« Dans l’armée russe, les généraux qui ne volent pas sont aussi rares que ceux qui ne boivent pas. » Compte tenu de cette déclaration du politologue russe Vladimir Pastukhov, il peut sembler surprenant que le Kremlin ait décidé de mener une nouvelle guerre — cette fois, contre la corruption au sein de sa propre armée.
En mars, le président russe Vladimir Poutine a ordonné au Service fédéral de sécurité (FSB) d’enquêter sur la corruption dans les marchés de la défense. L’arrestation très médiatisée du vice-ministre de la Défense Timur Ivanov en avril a été suivie par la chute tout aussi médiatisée de plusieurs autres hauts responsables de la défense accusés de malversations.
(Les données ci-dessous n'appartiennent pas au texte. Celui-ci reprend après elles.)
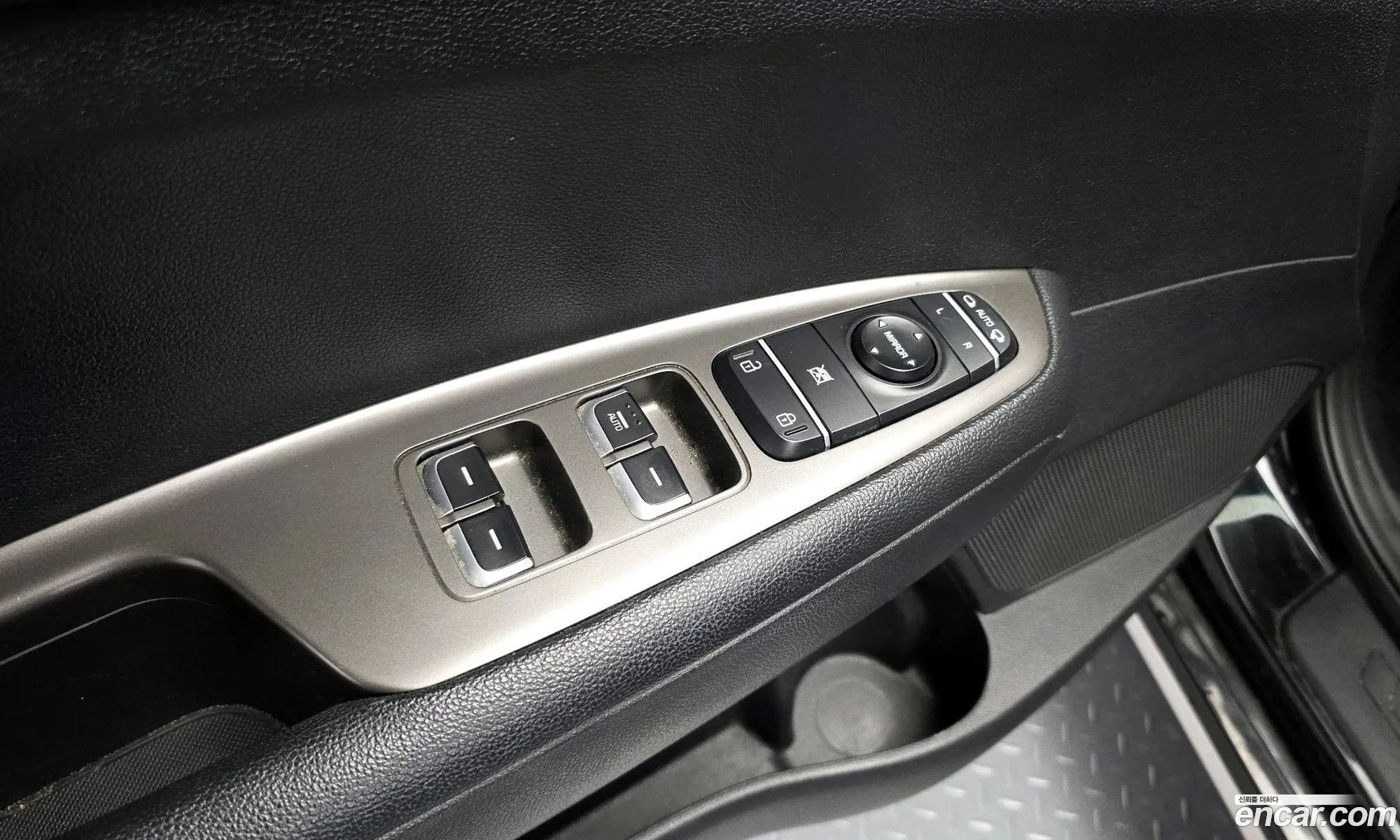 Kia K5 Hybrid 2019 — 12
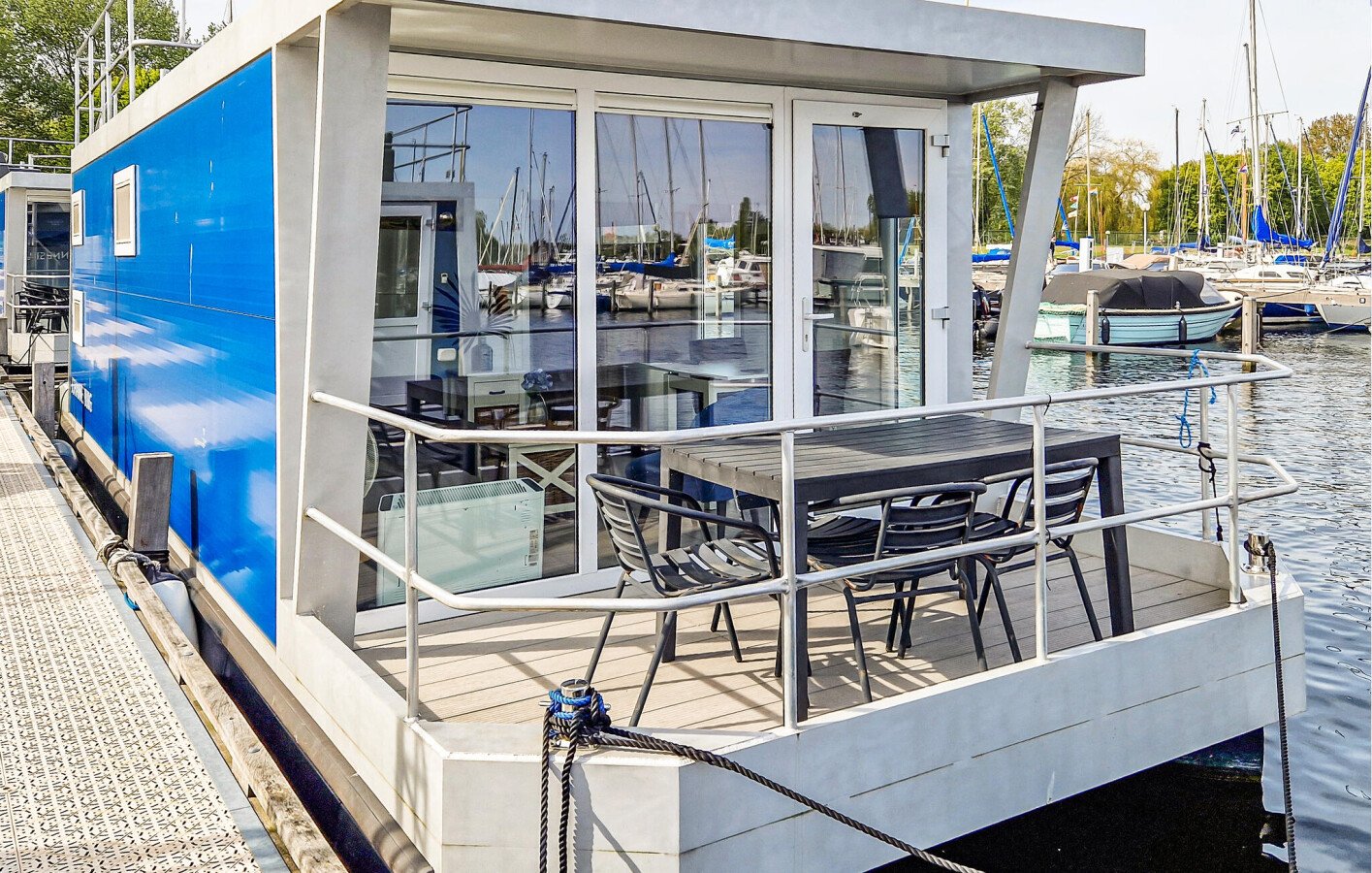 Boat 2 bedrooms, with sea view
Cependant, étant donné que la corruption au sein de l’armée russe a traditionnellement été à la fois répandue et largement tolérée, la question demeure de savoir pourquoi cette répression est mise en œuvre maintenant. Potentiellement, avec les dépenses militaires directes de Moscou prévues pour atteindre près de 132 milliards de dollars d’ici 2024 et une longue guerre encore à venir, Poutine a décidé qu’il ne pouvait pas se permettre que l’argent des armes aille chez Gucci. En avril, il a condamné la corruption comme un ‘vol de l’argent dont nous avons besoin pour la défense du pays’. L’ancien attaché de défense du Royaume-Uni à Moscou, le capitaine John Foreman, a suggéré que la patience de Poutine avait ‘finalement cédé’.
De plus, avec le succès de la guerre en Ukraine dépendant de la production de défense, l’ancien lieutenant de l’armée de l’air russe Gleb Irisov a affirmé que la répression vise à contrer les dommages causés par l’ancien ministre de la Défense Sergei Shoigu ayant rempli le MoD de ses copains et mis des équipements de qualité inférieure entre les mains des soldats russes.
De plus, les enquêtes de la Fondation anti-corruption d’Alexeï Navalny ont depuis longtemps mis en lumière les modes de vie luxueux des responsables, qui ont fait le travail des enquêteurs pour eux en étalant leur opulence en ligne. Il se peut que Poutine ne veuille pas que les citoyens russes, gravement touchés par une économie frappée par des sanctions alors que leurs jeunes hommes meurent au front, deviennent aigris ou démoralisés en voyant les officiers de leurs proches vivre dans l’opulence pendant une période de guerre.
Pourtant, une enquête sur la corruption est elle-même une guerre par d’autres moyens — et, comme l’histoire russe l’enseigne, une purge peut rapidement prendre de l’ampleur. Le mois dernier, des sources de la défense et de la sécurité ont indiqué au Moscow Times que les récentes arrestations ne sont que le début de ce qui s’avérera être les ‘plus grandes purges’ de l’histoire moderne russe, menées par le FSB avec l’approbation du Kremlin et avec des centaines d’arrestations attendues dans divers rangs et unités du MoD.